Pineapple Fruit Jellies
- Makes approx. 25-35 jellies (dependant on mould size)
- 10.2g (0.36oz) Leaf Gelatine
- 90g (3.17oz) Cold Water
- 0.5g (0.017oz) Citric Acid
- 80.5g (2.84oz) Corn Syrup
- 35.5g (1.25oz) Caster Sugar
- 30g (1.05oz) Chaucer Pineapple Powder
Other ingredients suggestions
Why not try replacing Pineapple for Blueberry Powder for a fruity berry twist.
Clean moulds with hot soapy water and a soft sponge & dry thoroughly (preferably leave for 5-10 hours prior to use in a dry environment, to ensure moulds are completely dry).
Using a small brush or light mist spray, oil the candy moulds.
In a small bowl add leaf gelatine & half the cold water, leave for 5-10 minutes to allow the gelatine to soften and absorb the water.
In a small pan add the corn syrup, caster sugar and remaining water, bring to the boil and simmer until all sugar is fully dissolved.
Remove pan from heat and mix in the freeze-dried fruit powder until fully dispersed, add the gelatine water and citric acid return to a gentle heat, lightly stirring with only a spoon to avoid generating bubbles until gelatine has fully dissolved.
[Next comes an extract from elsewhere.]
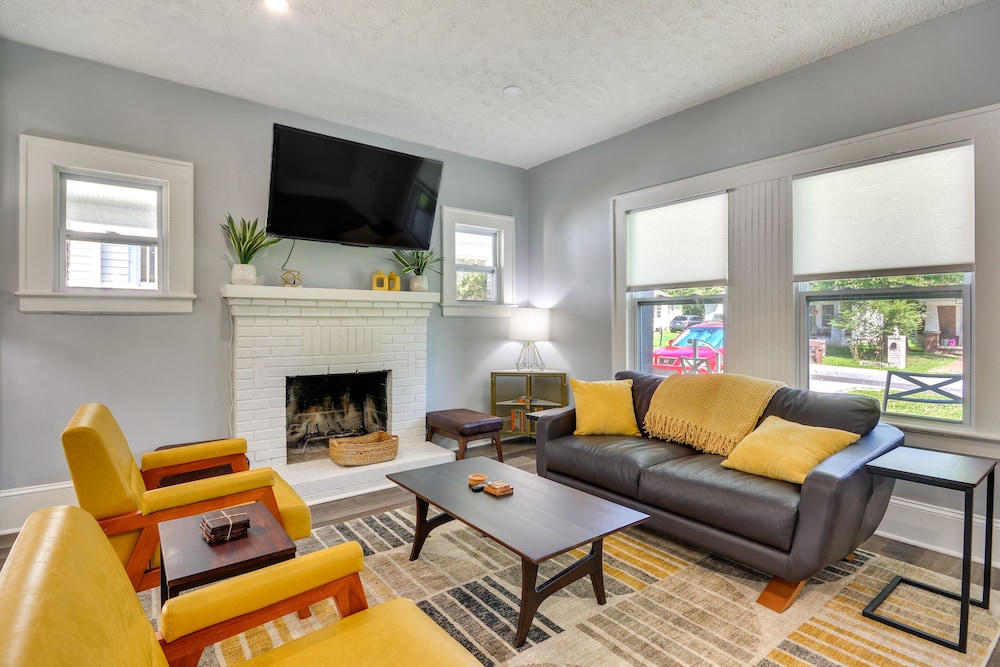 High Point Vacation Rental w/ Private Deck & Yard! view 5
Allow to cool for 5 minutes and stirring smoothly as not to create bubbles but frequently to prevent a skin forming.
Heat for approx. 1 minute on a medium heat stirring after the first 30 seconds then every 15 seconds approx.
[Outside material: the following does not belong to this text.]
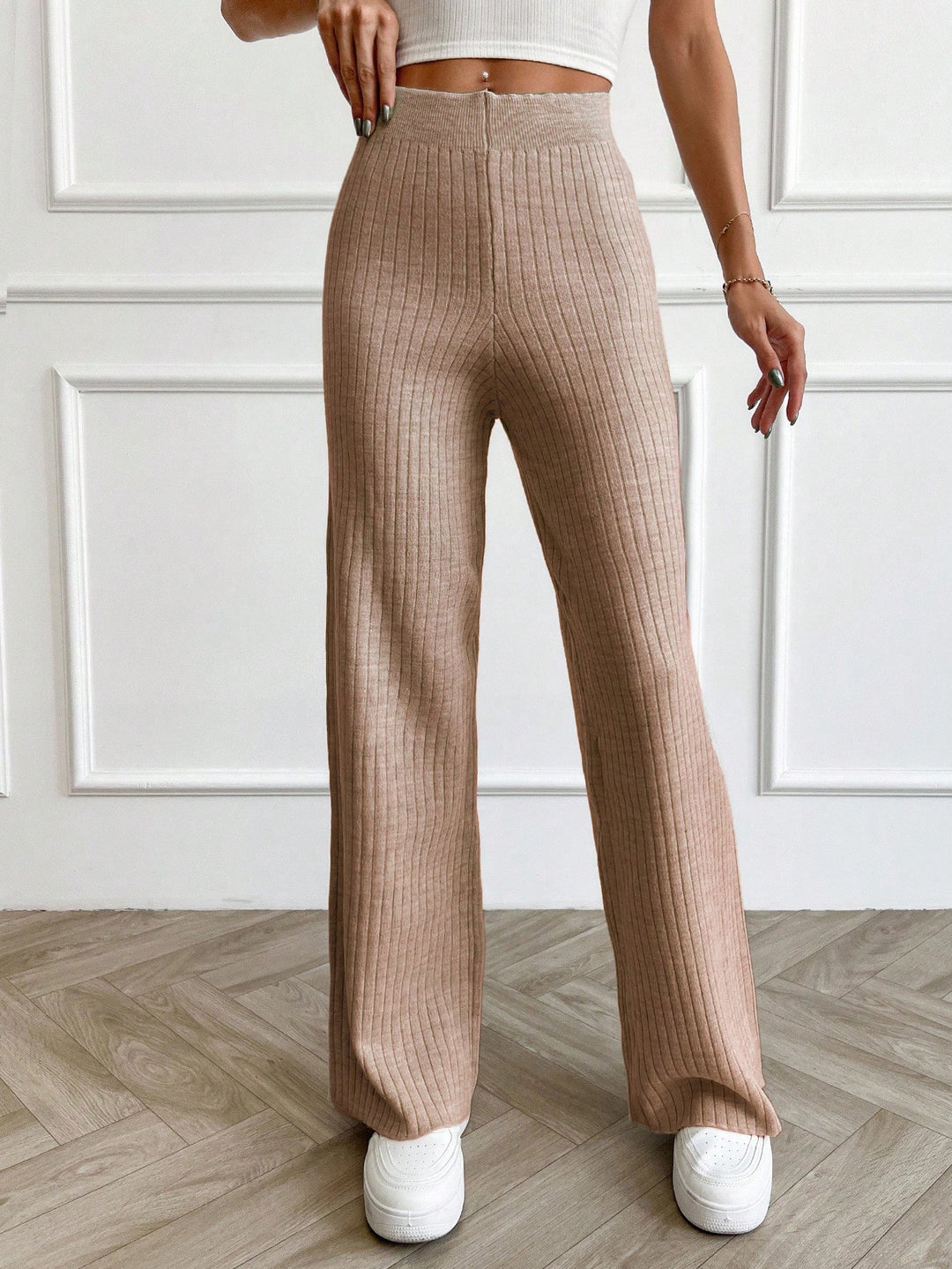 Pantaloni Shein, Roz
Remove pan from heat and allow to cool, stirring lightly but frequently taking care to not generate any additional bubbles within the mix.
Using a pipette or small jug fill pre oiled moulds to ¾ full, let candy sit for 30 minutes then transfer to a refrigerator for a further 30 minutes.
Remove candies from moulds and allow to stand for 48 hours then turn over and allow to stand for another 24-48 hours (until texture is to required chewiness) then transfer to an air tight container.